I sent Vincent Jones a PM because I was too busy to reply earlier, so I am repeating some of that here.

To some extent at least, I think any problem is down to phrasing myself badly. That is, I am afraid, not that rare. I should also say I am not talking from any expertise in the drug or medical industry (though I have some in statistics.)

When I said "You ultimately rely on an individual patient who is taking two or more drugs to report symptoms, that the doctor concerned notices a connection and reports that upwards until eventually that is assessed and recorded as an incompatibility" it was intended to be more or less equivalent to "every contract I have signed with a pharma client in the past twenty years has included an agreement to report - immediately - any adverse event occurring to someone taking one of their drugs": it is that base collection of data that drives the whole process.   Once you have that base data, it is indeed necessary to collect it into larger datasets and hit it with a lot of statistical analyses, confidence measures, multi-variant hypotheses testing and weird and wonderful mathematics to try to extract the most meaningful data, which will sometimes result in statements of the form "patients taking A and B might get side effect S (including how often, how severe and so on). That triggers a process that may ultimately end up in such things as warnings on the leaflets accompanying drugs A and B.
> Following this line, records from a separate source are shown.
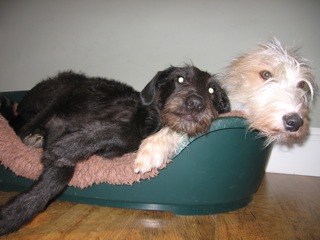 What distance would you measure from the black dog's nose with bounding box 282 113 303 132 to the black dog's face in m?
0.46

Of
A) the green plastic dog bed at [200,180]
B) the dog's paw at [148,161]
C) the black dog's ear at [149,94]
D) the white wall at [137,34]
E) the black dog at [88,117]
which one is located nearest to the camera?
the black dog at [88,117]

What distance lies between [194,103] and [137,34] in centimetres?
209

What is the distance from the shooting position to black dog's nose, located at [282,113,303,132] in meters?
1.72

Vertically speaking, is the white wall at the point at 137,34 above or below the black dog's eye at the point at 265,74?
above

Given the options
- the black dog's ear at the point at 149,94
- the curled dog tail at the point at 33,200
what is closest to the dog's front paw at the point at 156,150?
the black dog's ear at the point at 149,94

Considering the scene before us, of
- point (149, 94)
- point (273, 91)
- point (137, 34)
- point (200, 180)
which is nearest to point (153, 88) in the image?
point (149, 94)

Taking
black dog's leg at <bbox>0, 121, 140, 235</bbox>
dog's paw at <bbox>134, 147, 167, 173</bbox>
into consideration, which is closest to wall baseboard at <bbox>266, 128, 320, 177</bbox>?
dog's paw at <bbox>134, 147, 167, 173</bbox>

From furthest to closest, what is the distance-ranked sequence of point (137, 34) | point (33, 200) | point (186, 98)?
point (137, 34) → point (186, 98) → point (33, 200)

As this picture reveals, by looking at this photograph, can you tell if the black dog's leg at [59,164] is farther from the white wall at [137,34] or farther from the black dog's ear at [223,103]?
the white wall at [137,34]

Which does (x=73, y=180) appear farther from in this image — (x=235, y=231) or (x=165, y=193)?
(x=235, y=231)

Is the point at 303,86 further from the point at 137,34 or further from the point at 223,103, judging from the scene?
the point at 137,34

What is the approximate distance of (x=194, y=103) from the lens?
1.77 meters

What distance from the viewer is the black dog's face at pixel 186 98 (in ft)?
5.75

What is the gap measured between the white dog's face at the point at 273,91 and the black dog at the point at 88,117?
224 millimetres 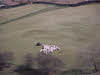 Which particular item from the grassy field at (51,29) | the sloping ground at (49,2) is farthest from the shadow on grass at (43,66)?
the sloping ground at (49,2)

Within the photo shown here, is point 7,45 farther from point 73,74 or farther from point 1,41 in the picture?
point 73,74

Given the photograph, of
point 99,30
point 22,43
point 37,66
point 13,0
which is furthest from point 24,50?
point 13,0

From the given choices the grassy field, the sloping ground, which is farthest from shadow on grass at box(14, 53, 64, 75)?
the sloping ground

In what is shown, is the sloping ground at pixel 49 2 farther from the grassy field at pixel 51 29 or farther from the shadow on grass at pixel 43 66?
the shadow on grass at pixel 43 66

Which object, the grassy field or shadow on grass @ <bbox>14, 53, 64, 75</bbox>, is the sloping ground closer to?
the grassy field

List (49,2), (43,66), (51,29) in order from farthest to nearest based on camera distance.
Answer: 1. (49,2)
2. (51,29)
3. (43,66)

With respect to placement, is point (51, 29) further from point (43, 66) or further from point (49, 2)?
point (49, 2)

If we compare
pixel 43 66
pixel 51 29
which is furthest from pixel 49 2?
pixel 43 66

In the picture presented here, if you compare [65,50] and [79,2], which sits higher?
[79,2] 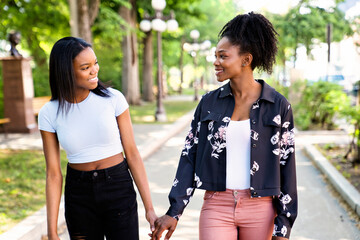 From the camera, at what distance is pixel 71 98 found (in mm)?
2463

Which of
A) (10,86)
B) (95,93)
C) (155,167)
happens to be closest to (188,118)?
(10,86)

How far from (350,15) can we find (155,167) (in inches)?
971

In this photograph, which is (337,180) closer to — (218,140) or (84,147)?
(218,140)

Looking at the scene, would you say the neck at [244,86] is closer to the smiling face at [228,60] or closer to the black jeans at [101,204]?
the smiling face at [228,60]

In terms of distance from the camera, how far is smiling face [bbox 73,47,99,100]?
2.46 meters

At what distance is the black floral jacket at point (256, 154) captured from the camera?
2379mm

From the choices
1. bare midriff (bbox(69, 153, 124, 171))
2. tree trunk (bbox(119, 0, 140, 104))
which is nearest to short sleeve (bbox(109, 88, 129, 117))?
bare midriff (bbox(69, 153, 124, 171))

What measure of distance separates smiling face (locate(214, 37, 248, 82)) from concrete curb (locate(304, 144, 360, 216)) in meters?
3.81

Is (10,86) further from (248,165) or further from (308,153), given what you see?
(248,165)

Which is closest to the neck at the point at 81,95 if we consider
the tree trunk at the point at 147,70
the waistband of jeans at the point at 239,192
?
the waistband of jeans at the point at 239,192

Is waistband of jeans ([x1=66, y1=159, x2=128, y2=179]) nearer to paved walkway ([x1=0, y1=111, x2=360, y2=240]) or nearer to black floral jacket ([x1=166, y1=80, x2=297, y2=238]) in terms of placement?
black floral jacket ([x1=166, y1=80, x2=297, y2=238])

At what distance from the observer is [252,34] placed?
2.43 m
That the NHS England data is an extremely useful data set to analyse the interactions of drugs (especially those with no immediately obvious links) is certain. In particular, it can give us information, using my A and B example, to determine how many people do not have side effects (naturally, people do not report not having a side effect unless explicitly asked.) It can also determine that people who took A and B reported having S without realising it was a side effect at all. Or might even end up revealing the issue is not A and B at all, but A and something else, but the patient assumed it was B because they had recently changed medication.

So I do not under-value the potential benefits of the NHS data at all. Where my concerns arise is with who has got access to such a valuable commodity. The NHS England web site is definite that the data will not be made available to insurance companies, for example. But in truth all they can really say is there is no intention of doing so. In a few years, with another government, and new priorities who can really say? Added to that, we have to recognise everyone is fallible and not everyone is honest. There have been plenty of examples over the years of civil servants leaving secret documents/laptops on trains and such like. Mistakes will happen, because that is human nature. I pick on insurance companies because they would have an obvious interest, but there are many others.

I make the assumption that company C1 has an near-perfect understanding of its own products, but a much more limited knowledge of those of company C2, and vice versa. If there is a company that is especially adept at analysing the data - A1 - then if C1 can form an exclusive relationship with A1 it could significantly alter the market to disadvantage C2. This is why, in my mind, A1 should not be a commercial body, and if it must be it should certainly not be in a monopolistic position.

Now, there is always a level of trust in these systems. If I choose to opt out, I assume that sets a flag on my data. With human fallibility some coder will at some time accidentally fail to check the flag when they extract data for processing. There is nothing I can do about that. All I can do is choose where to draw the boundaries of where I have to take things on trust and I have to do so recognising that if enough people choose not to share their data, it reduces the potential benefits of the data.

It is, as I said, not an especially easy decision to decide whether to opt out or not. Other people's thoughts are welcome.